What the exercise asks. Please output the lines from the one with "Emeralds Script Performance Long Sleeve Shirt" through the end of the data exactly as written, omitting all pictures.

--

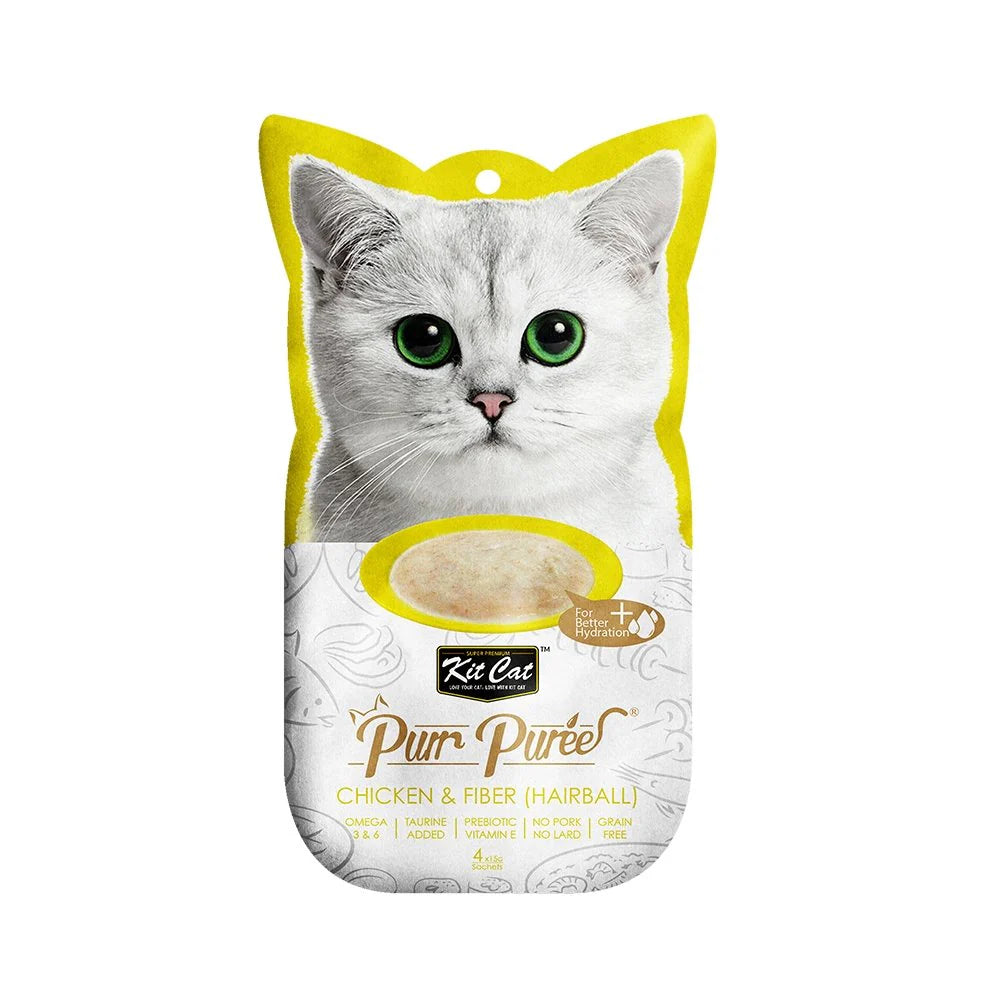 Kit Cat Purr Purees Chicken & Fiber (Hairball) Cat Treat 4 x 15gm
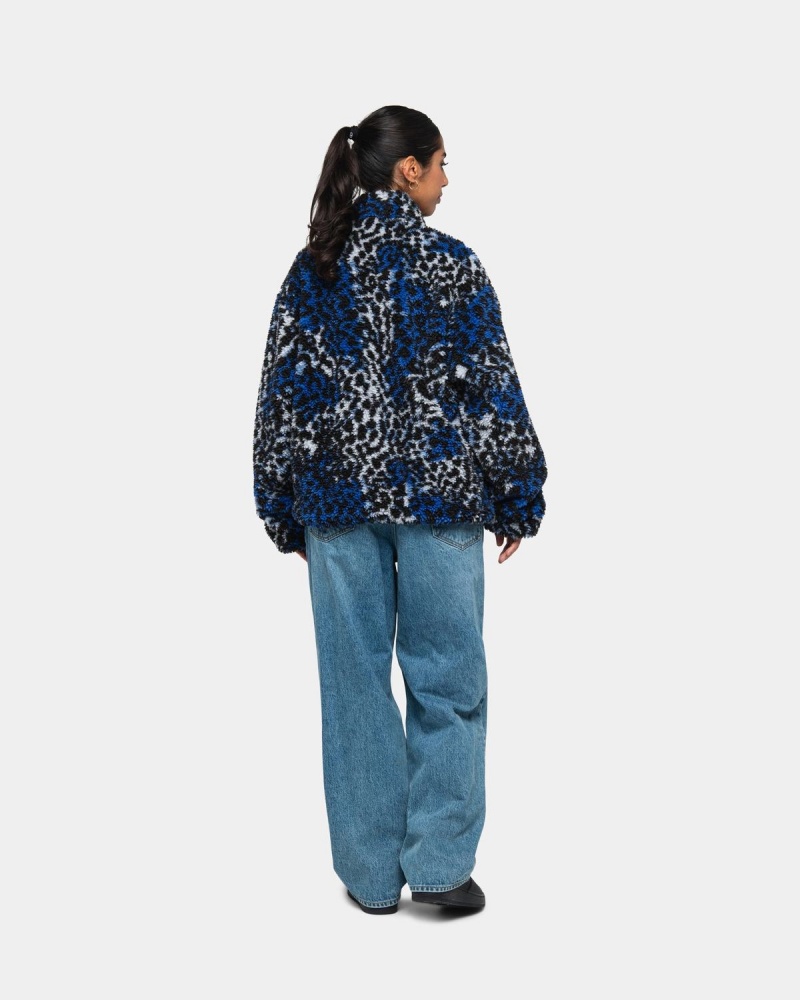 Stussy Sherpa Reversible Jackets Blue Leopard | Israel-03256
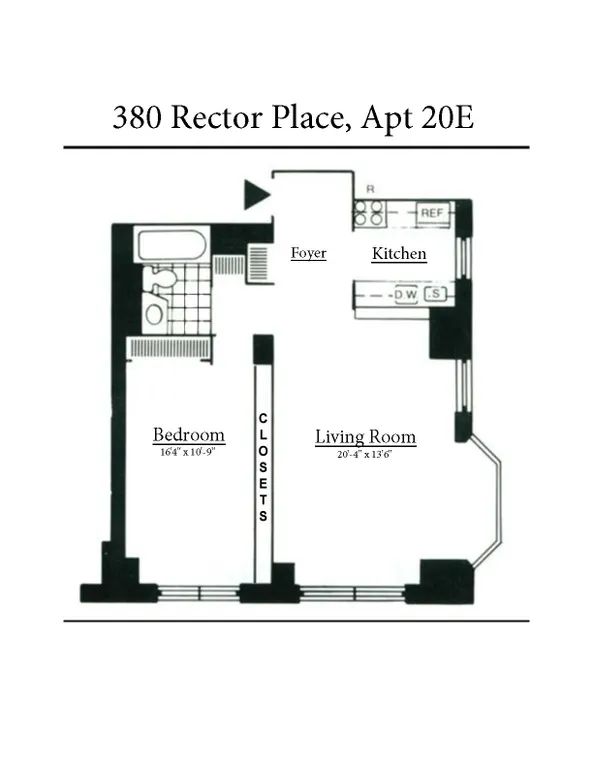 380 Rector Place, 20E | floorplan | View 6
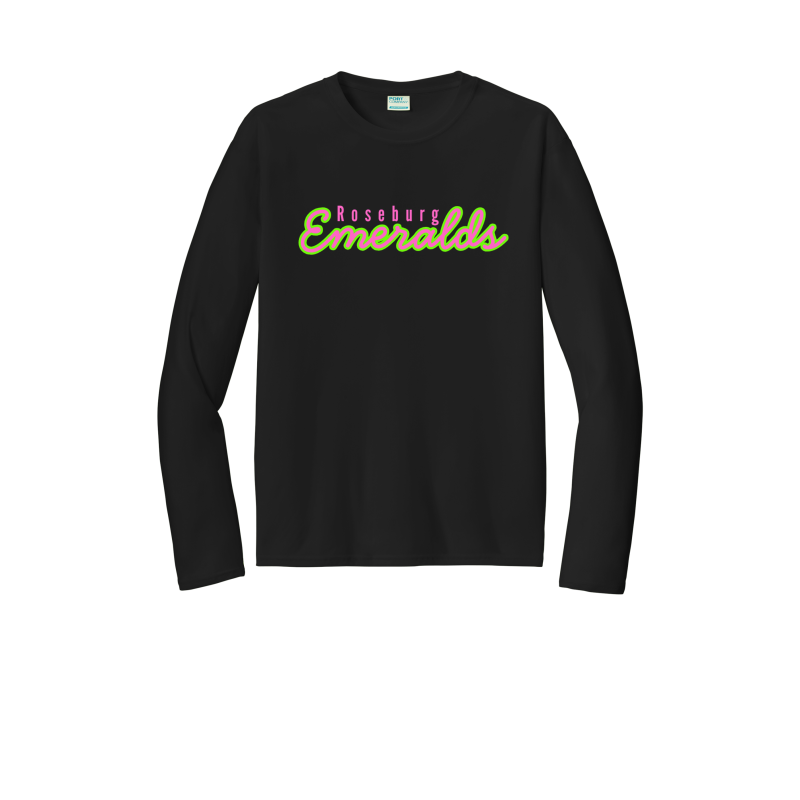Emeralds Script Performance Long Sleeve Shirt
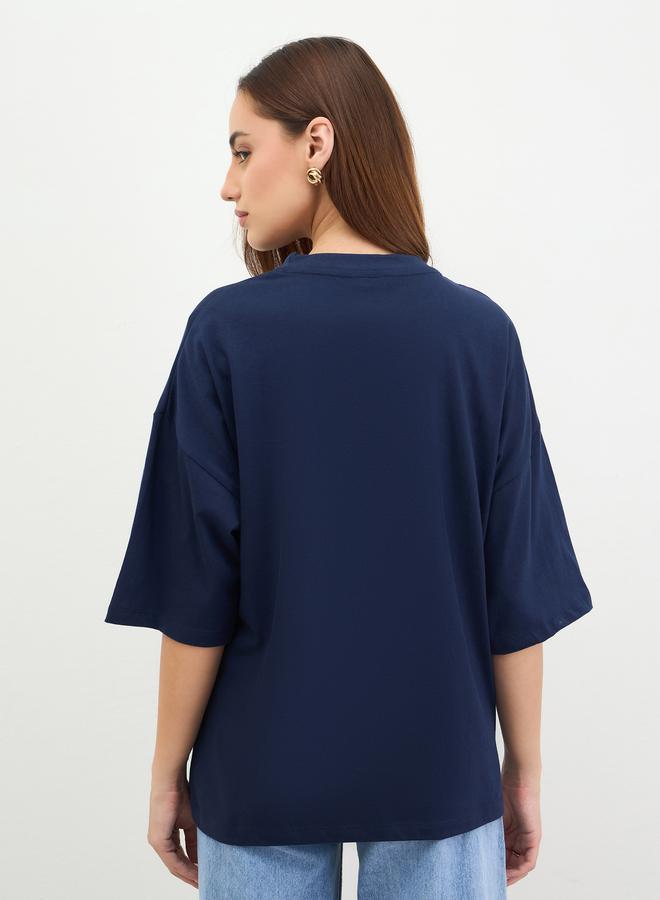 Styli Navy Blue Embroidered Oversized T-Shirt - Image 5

--

Response to the exercise.
Emeralds Script Performance Long Sleeve Shirt
 Styli Navy Blue Embroidered Oversized T-Shirt - Image 5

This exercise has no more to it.